— Dataset records —
--------

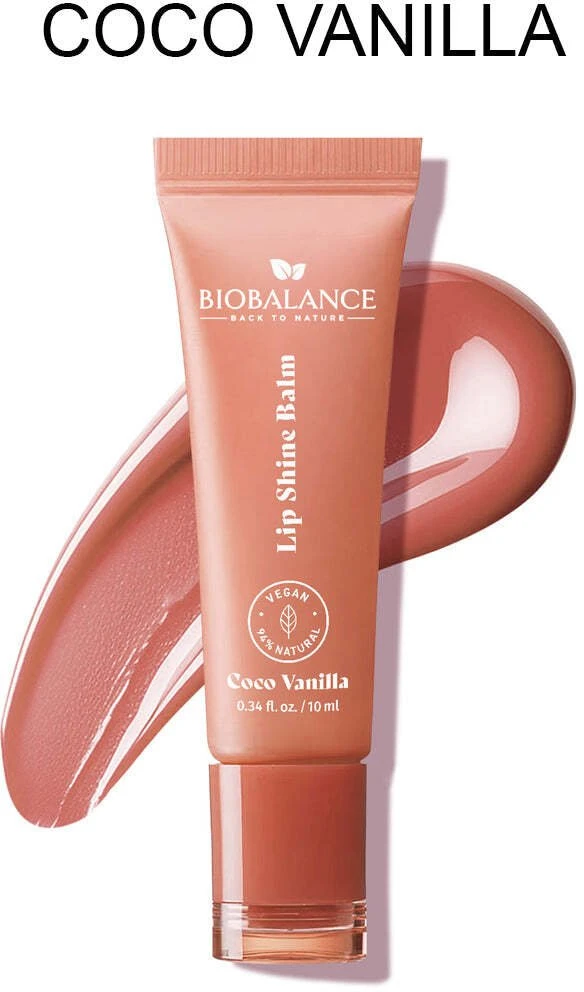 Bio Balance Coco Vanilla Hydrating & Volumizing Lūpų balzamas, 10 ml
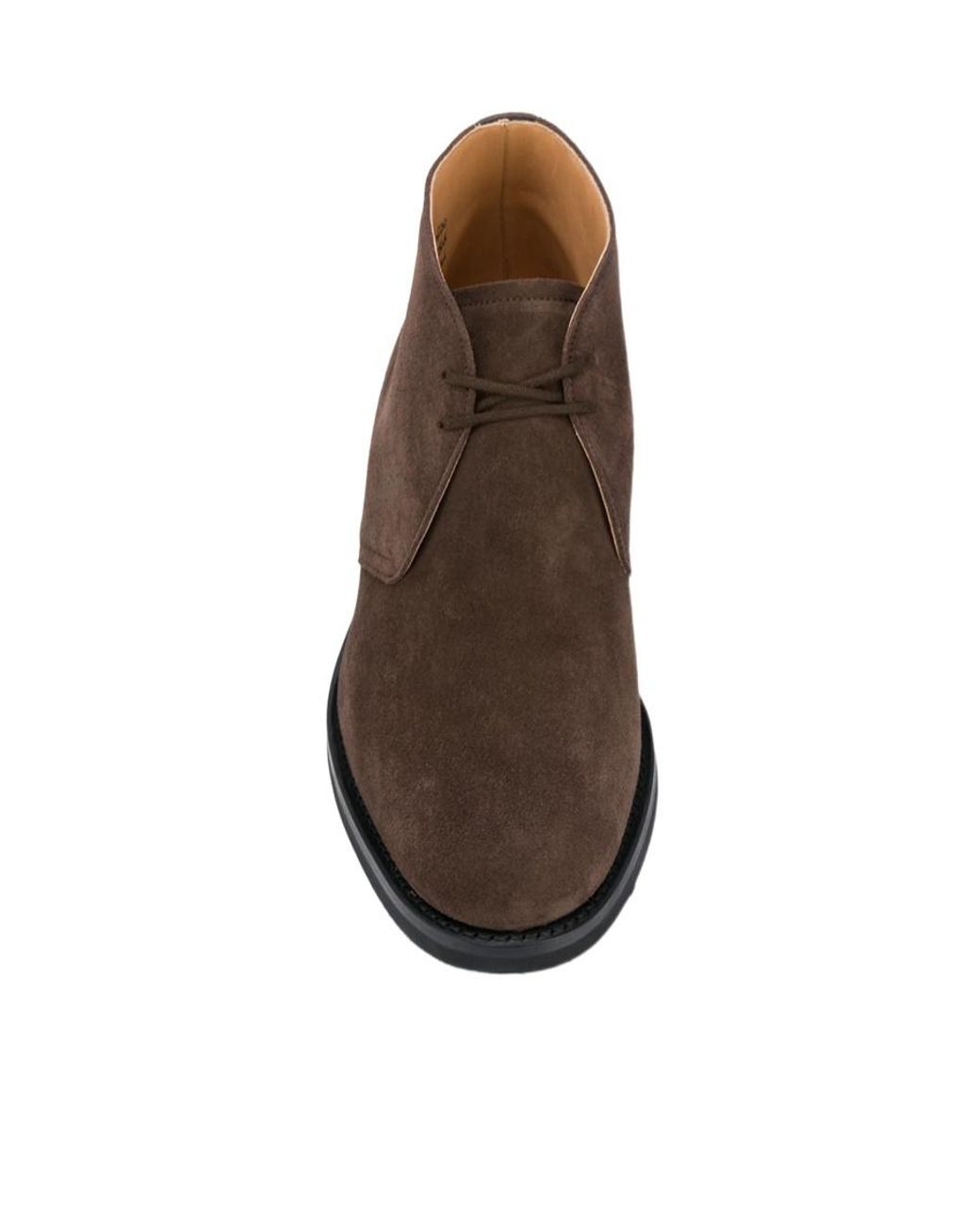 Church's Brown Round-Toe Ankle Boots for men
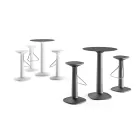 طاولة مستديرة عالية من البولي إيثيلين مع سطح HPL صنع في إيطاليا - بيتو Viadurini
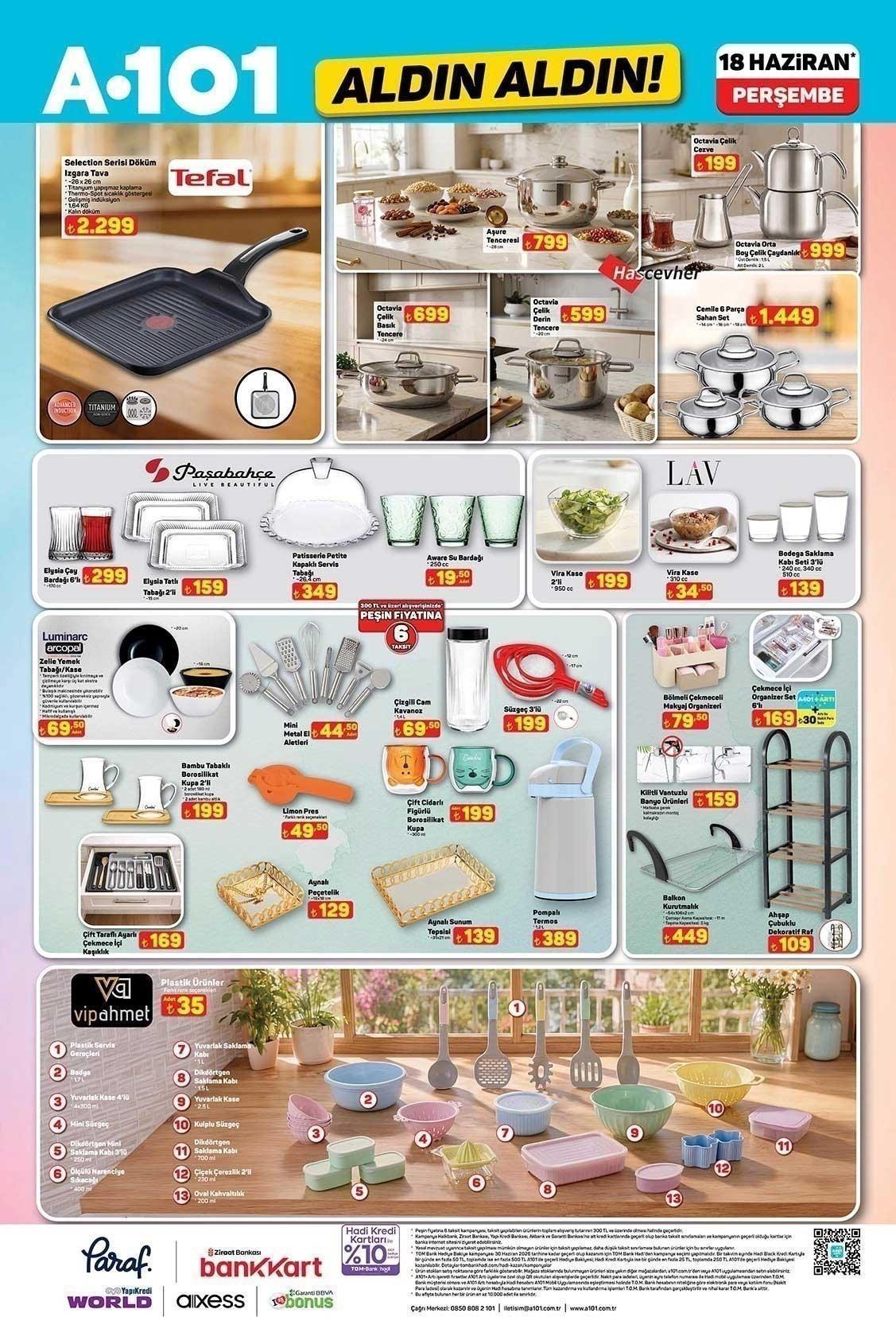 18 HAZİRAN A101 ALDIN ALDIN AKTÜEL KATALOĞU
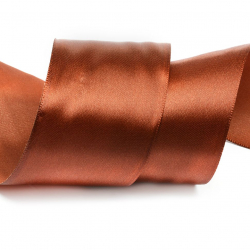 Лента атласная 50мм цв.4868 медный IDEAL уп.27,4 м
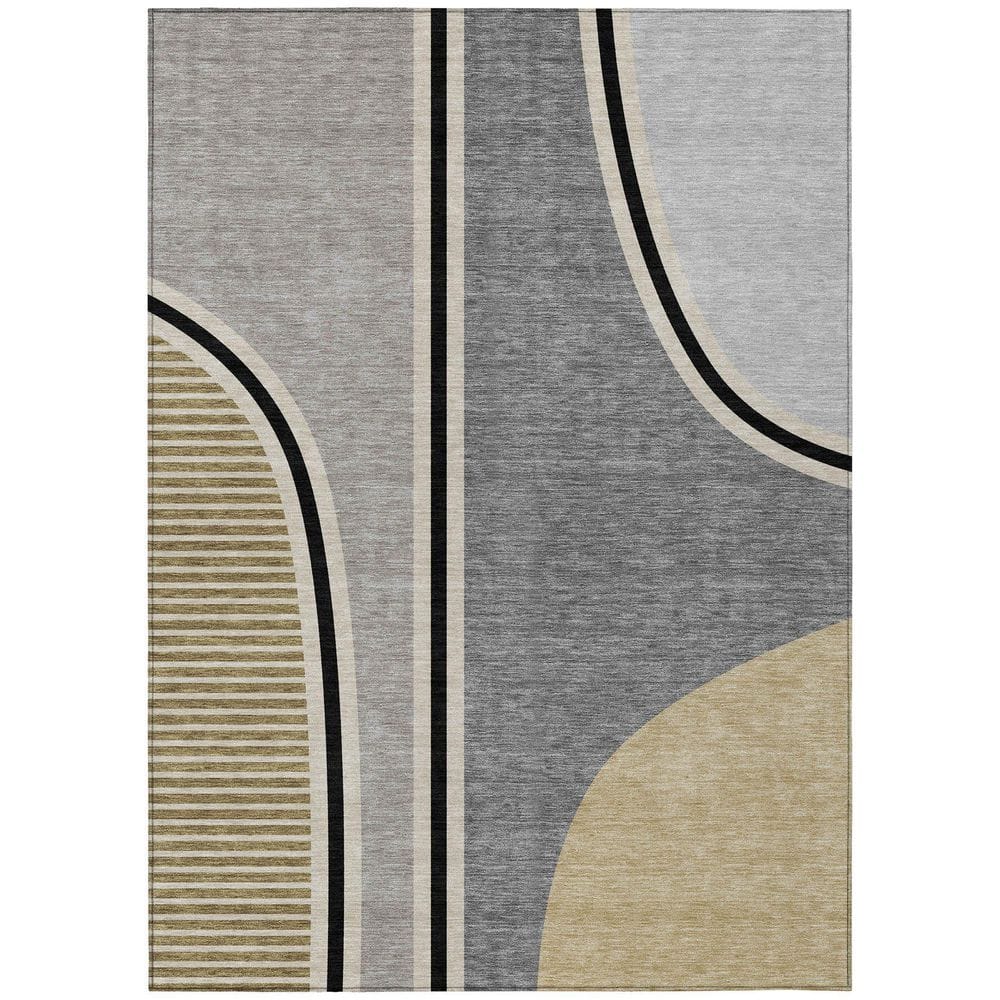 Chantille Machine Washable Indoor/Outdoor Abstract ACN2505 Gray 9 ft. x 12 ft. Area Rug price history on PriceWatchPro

--------

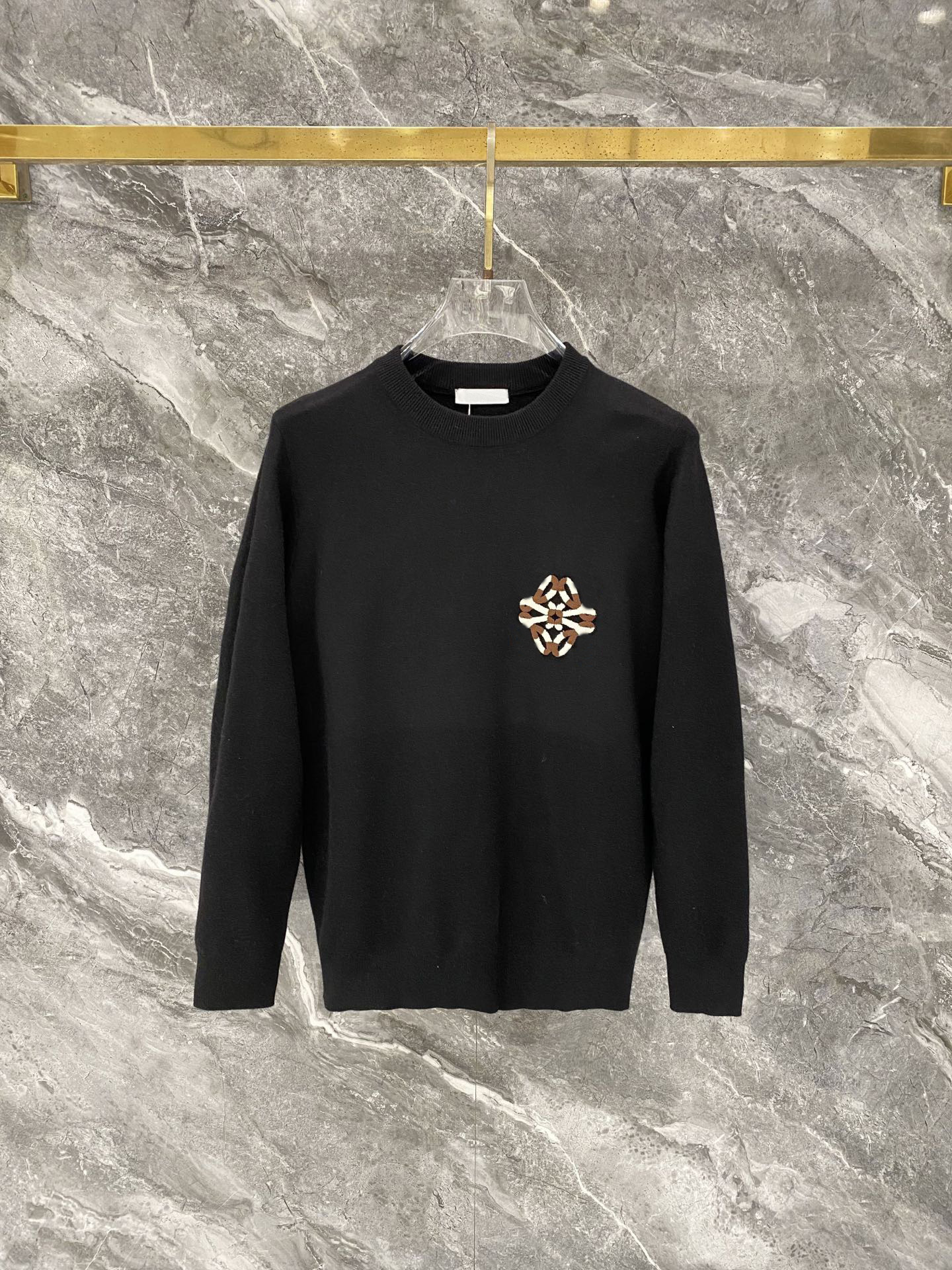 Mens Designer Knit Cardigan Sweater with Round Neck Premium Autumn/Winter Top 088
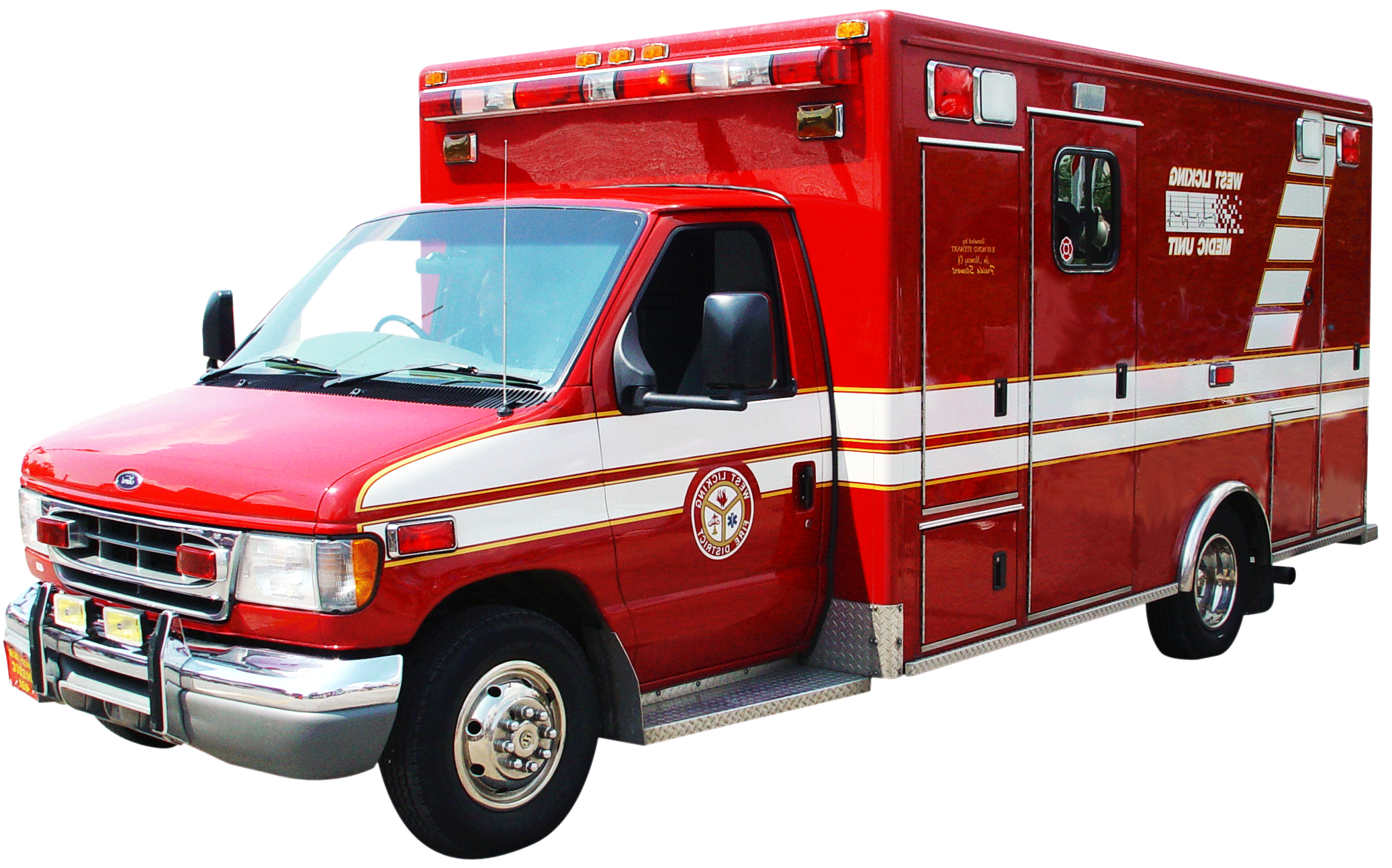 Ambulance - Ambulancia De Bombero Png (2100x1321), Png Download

--------

— What the exercise asks —
Print exactly the lines above that run from the one with "Bio Balance Coco" down to the one with "Лента атласная 50мм", and omit the pictures.

— Response to the task —
 Bio Balance Coco Vanilla Hydrating & Volumizing Lūpų balzamas, 10 ml
 Church's Brown Round-Toe Ankle Boots for men
 طاولة مستديرة عالية من البولي إيثيلين مع سطح HPL صنع في إيطاليا - بيتو Viadurini
 18 HAZİRAN A101 ALDIN ALDIN AKTÜEL KATALOĞU
 Лента атласная 50мм цв.4868 медный IDEAL уп.27,4 м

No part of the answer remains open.